Example 30-1 Checking the Response of Hosts on the Network
The simplest version of ping sends a single packet to a host on
the network. If ping receives the correct response, the command prints the message
host is alive.
$ ping elvis
elvis is alive
With the -s option, ping sends one datagram per second to a host.
The command then prints each response and the time that was required for
the round trip. An example follows.
$ ping -s pluto
64 bytes from pluto (123.456.78.90): icmp_seq=0. time=3.82 ms
64 bytes from pluto (123.456.78.90): icmp_seq=5. time=0.947 ms
64 bytes from pluto (123.456.78.90): icmp_seq=6. time=0.855 ms
^C
----pluto PING Statistics----
3 packets transmitted, 3 packets received, 0% packet loss
round-trip (ms) min/avg/max/sttdev = 0.855/1.87/3.82/1.7
How to Send Packets to Hosts on the Network
Test the reliability of your packet sizes with the spray command.
$ spray [ -c count -d interval -l packet-size] hostname
- -i count
Number of packets to send.
- -d interval
Number of microseconds to pause between sending packets. If you do not use a delay, you might deplete the buffers.
- -l packet-size
Is the packet size.
- hostname
Is the system to send packets.
For more information about this command, see spray(1M).
Example 30-2 Sending Packets to Hosts on the Network
The following example sends 100 packets to a host (-c 100), with a
packet size of 2048 bytes (-l 2048). The packets are sent with a delay
time of 20 microseconds between each burst (-d 20).
$ spray -c 100 -d 20 -l 2048 pluto
sending 100 packets of length 2048 to pluto ...
no packets dropped by pluto
279 packets/sec, 573043 bytes/sec
How to Capture Packets From the Network
To capture packets from the network and trace the calls from each client
to each server, use snoop. This command provides accurate timestamps that enable some
network performance problems to be isolated quickly.

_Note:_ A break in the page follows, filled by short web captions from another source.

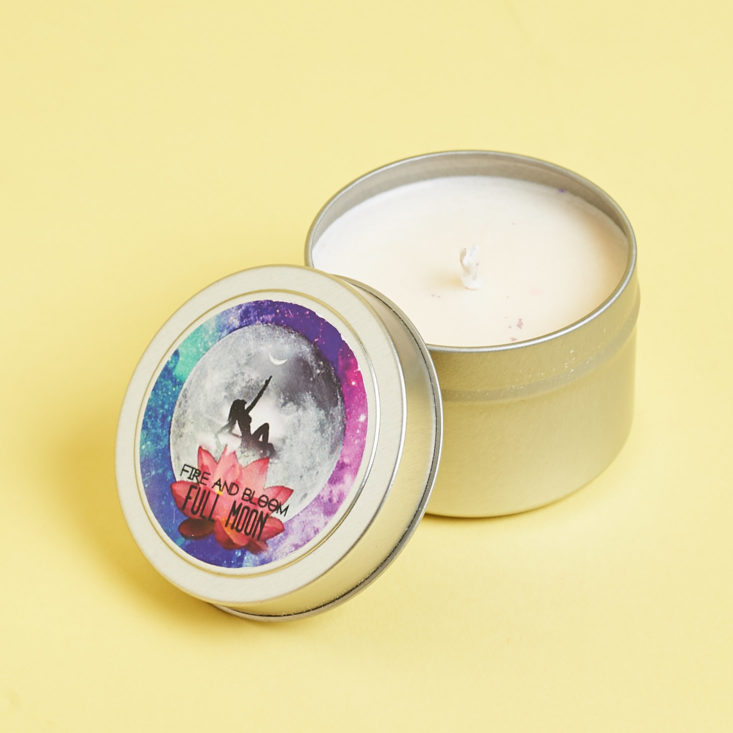 moon candle in tin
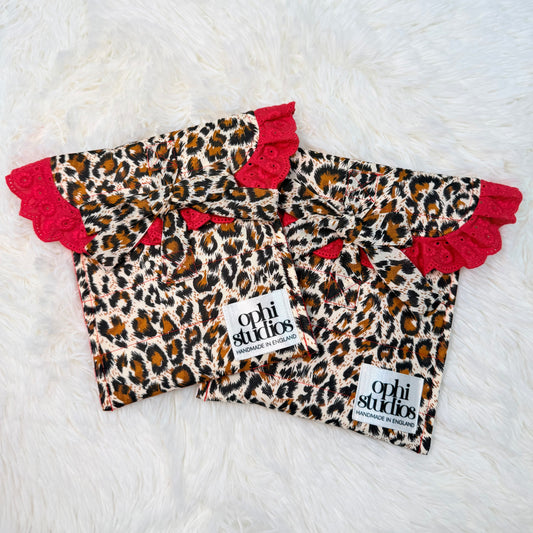 Leo Red Tie Tech Sleeve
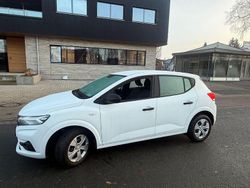 Weiß Gebraucht 2022 Dacia Sandero Essentiel Limousine | 10.192 € (Guter Preis)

For more information, see snoop(1M).
# snoop
Dropped packets could be caused by insufficient buffer space or an overloaded CPU.
How to Check the Network Status
To display network status information, such as statistics about the state of network
interfaces, routing tables, and various protocols, use the netstat command.
$ netstat [-i] [-r] [-s]
- -i
Displays the state of the TCP/IP interfaces
- -r
Displays the IP routing table
- -s
Displays statistics for the UDP, TCP, ICMP, and IGMP protocols
For more information, see netstat(1M).
Examples–Checking the Network Status
The following example shows output from the netstat -i command, which displays the
state of the interfaces that are used for TCP/IP traffic.
$ netstat -i
Name Mtu Net/Dest Address Ipkts Ierrs Opkts Oerrs Collis Queue
lo0 8232 software localhost 1280 0 1280 0 0 0
eri0 1500 loopback venus 1628480 0 347070 16 39354 0
This display shows the number of packets that a machine has transmitted and
has received on each interface. A machine with active network traffic should show
both Ipkts and Opkts continually increasing.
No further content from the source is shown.